- _Exercise_:
Write all of the entries out again exactly.

******

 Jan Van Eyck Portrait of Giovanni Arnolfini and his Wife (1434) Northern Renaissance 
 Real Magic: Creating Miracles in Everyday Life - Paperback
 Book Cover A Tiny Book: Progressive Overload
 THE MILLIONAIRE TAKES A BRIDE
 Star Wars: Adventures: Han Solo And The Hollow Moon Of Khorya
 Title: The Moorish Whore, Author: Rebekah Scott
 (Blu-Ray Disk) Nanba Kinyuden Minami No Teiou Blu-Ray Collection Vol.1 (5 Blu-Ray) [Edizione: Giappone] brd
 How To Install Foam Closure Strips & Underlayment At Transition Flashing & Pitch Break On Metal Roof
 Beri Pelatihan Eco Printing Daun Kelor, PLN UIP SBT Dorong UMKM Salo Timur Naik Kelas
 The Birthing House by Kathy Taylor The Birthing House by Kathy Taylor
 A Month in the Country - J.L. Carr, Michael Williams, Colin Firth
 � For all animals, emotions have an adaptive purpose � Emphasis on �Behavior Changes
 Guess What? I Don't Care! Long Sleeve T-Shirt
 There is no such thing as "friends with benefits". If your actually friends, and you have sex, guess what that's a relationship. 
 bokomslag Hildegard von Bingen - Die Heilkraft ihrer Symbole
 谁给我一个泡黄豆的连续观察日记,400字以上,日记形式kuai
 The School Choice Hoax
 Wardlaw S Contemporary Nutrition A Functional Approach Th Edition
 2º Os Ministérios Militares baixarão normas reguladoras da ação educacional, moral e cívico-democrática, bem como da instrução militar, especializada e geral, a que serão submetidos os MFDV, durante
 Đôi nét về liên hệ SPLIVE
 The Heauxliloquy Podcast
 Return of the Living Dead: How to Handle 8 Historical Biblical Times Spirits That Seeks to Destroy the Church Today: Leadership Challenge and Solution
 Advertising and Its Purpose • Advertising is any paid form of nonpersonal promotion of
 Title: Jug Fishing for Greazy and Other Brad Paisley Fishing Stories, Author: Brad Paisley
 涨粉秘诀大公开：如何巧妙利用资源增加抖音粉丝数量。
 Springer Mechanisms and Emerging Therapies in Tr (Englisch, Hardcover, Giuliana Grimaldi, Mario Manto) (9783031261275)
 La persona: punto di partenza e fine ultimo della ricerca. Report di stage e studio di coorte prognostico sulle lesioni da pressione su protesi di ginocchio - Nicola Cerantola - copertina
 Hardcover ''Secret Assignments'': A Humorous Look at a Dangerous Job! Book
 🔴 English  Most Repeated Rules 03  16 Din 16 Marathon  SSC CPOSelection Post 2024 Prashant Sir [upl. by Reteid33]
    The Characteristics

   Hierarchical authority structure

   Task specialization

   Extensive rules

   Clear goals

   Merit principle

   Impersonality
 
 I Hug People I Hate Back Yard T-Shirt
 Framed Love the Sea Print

******

- _Output_:
 Jan Van Eyck Portrait of Giovanni Arnolfini and his Wife (1434) Northern Renaissance 
 Real Magic: Creating Miracles in Everyday Life - Paperback
 Book Cover A Tiny Book: Progressive Overload
 THE MILLIONAIRE TAKES A BRIDE
 Star Wars: Adventures: Han Solo And The Hollow Moon Of Khorya
 Title: The Moorish Whore, Author: Rebekah Scott
 (Blu-Ray Disk) Nanba Kinyuden Minami No Teiou Blu-Ray Collection Vol.1 (5 Blu-Ray) [Edizione: Giappone] brd
 How To Install Foam Closure Strips & Underlayment At Transition Flashing & Pitch Break On Metal Roof
 Beri Pelatihan Eco Printing Daun Kelor, PLN UIP SBT Dorong UMKM Salo Timur Naik Kelas
 The Birthing House by Kathy Taylor The Birthing House by Kathy Taylor
 A Month in the Country - J.L. Carr, Michael Williams, Colin Firth
 � For all animals, emotions have an adaptive purpose � Emphasis on �Behavior Changes
 Guess What? I Don't Care! Long Sleeve T-Shirt
 There is no such thing as "friends with benefits". If your actually friends, and you have sex, guess what that's a relationship. 
 bokomslag Hildegard von Bingen - Die Heilkraft ihrer Symbole
 谁给我一个泡黄豆的连续观察日记,400字以上,日记形式kuai
 The School Choice Hoax
 Wardlaw S Contemporary Nutrition A Functional Approach Th Edition
 2º Os Ministérios Militares baixarão normas reguladoras da ação educacional, moral e cívico-democrática, bem como da instrução militar, especializada e geral, a que serão submetidos os MFDV, durante
 Đôi nét về liên hệ SPLIVE
 The Heauxliloquy Podcast
 Return of the Living Dead: How to Handle 8 Historical Biblical Times Spirits That Seeks to Destroy the Church Today: Leadership Challenge and Solution
 Advertising and Its Purpose • Advertising is any paid form of nonpersonal promotion of
 Title: Jug Fishing for Greazy and Other Brad Paisley Fishing Stories, Author: Brad Paisley
 涨粉秘诀大公开：如何巧妙利用资源增加抖音粉丝数量。
 Springer Mechanisms and Emerging Therapies in Tr (Englisch, Hardcover, Giuliana Grimaldi, Mario Manto) (9783031261275)
 La persona: punto di partenza e fine ultimo della ricerca. Report di stage e studio di coorte prognostico sulle lesioni da pressione su protesi di ginocchio - Nicola Cerantola - copertina
 Hardcover ''Secret Assignments'': A Humorous Look at a Dangerous Job! Book
 🔴 English  Most Repeated Rules 03  16 Din 16 Marathon  SSC CPOSelection Post 2024 Prashant Sir [upl. by Reteid33]
    The Characteristics

   Hierarchical authority structure

   Task specialization

   Extensive rules

   Clear goals

   Merit principle

   Impersonality
 
 I Hug People I Hate Back Yard T-Shirt
 Framed Love the Sea Print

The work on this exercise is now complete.